A site to see: The sun sets on Arcosanti in the late 1970s.

A Technology Review correspondent who had spent four months at Arcosanti described the ambition behind Soleri’s project in a 1979 special report:

The key to making cities instruments of progress rather than models of decline is to integrate all of their systems, says architect/philosopher Paolo Soleri. On but 13 acres of an 860-acre tract, he proposes to build a 25-story prototype that will house about 5,000 people and all the needed support systems.

Soleri believes that cities are the environments for the cultural and spiritual evolution of humanity; but he insists that their architecture be firmly based on ecological principles. “Instead of picking up one problem at a time and trying to solve it, we are trying to find a whole solution,” he explains.

Like Masdar, Arcosanti needed to use the desert’s most powerful force–the sun–to its advantage. But Soleri and his colleagues couldn’t draw on vast streams of oil money (Masdar has billions in seed money, while Arcosanti relied on volunteer workers and the proceeds from the sale of ceramic and bronze bells produced on site). It had to be frugal.

Arcosanti, the first “arcology” (Soleri’s word), is now six buildings and several arches that grace a desert mesa 70 miles north of Phoenix. This will be shadowed by a second design, the Two Suns Arcology. …
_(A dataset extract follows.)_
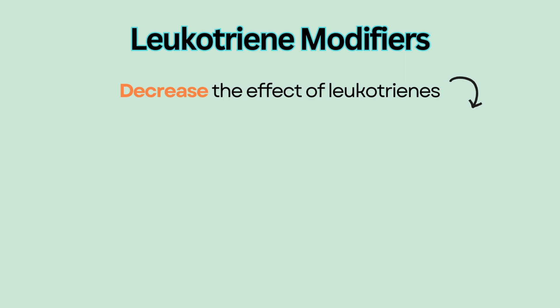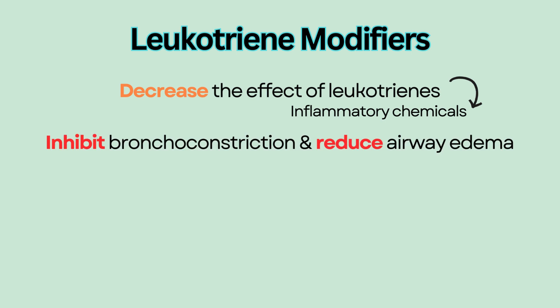Leukotriene modifiers decrease the effect of leukotrienes, which are inflammatory chemicals released in response to allergens. Leukotriene modifiers inhibit bronchoconstriction and reduce airway edema.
The plans for the Two Suns Arcology, completed about three years ago, show that it will take greater advantage of new developments in solar energy than the first, cathedral-like model. Two Suns will be “energized by the sun,” grow its own food, recycle its waste for agricultural nutrients, and have its own, largely self-contained economic system. While Arcosanti would employ some sophisticated hardware, Soleri emphasizes that “the application of the technology will be very different.” The hemispheric-shaped building will face south … its roof and structural overhangs tilted like two “blades” which will act as huge, passive solar collectors during the winter months when the sun is low in the sky and as providers of shade during the summer months of high sun. …
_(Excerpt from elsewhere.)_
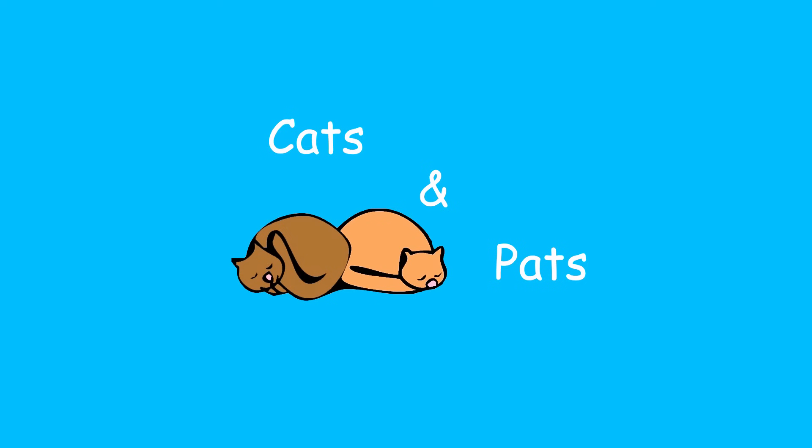Giving your cat medicine or trimming their nails isn't always easy, but this is the best thing I've found. Hi everybody, my name's Jason and welcome to Cats and Pets.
Electrical energy will be provided by whatever solar-cell technology is available at the time of major construction. The specifics of Two Suns’ transportation network have not been worked out; but as an outspoken critic of the “asphalt ­nightmare,” Soleri has designed a miniaturized city that does not include cars, in which rapid ­vertical transportation will tie things closely together. …

Though Soleri’s holistic approach suggests intriguing possibilities, designing and building the main structure of the arcology awaits massive funding.

The funding has yet to materialize, and today the project remains unfinished, with only a few dozen full-time residents. Yet the site draws thousands of tourists and volunteers who invest their time, effort, and money in the project for weeks or months at a time. Soleri, who received the National Design Museum’s Lifetime Achievement Award in 2006, is still an active presence at Arcosanti. But even in 1979, he was resigned to the fact that he would not live to see his dream fulfilled.

At age 60, Soleri has begun to acknowledge that his city-in-the-sky may not be completed in his lifetime. But his vision of a human environment that produces its own resources, rather than eating up someone else’s, is in our future. It is Soleri’s insistence that man must evolve cities that give new life to the land and to the people in them.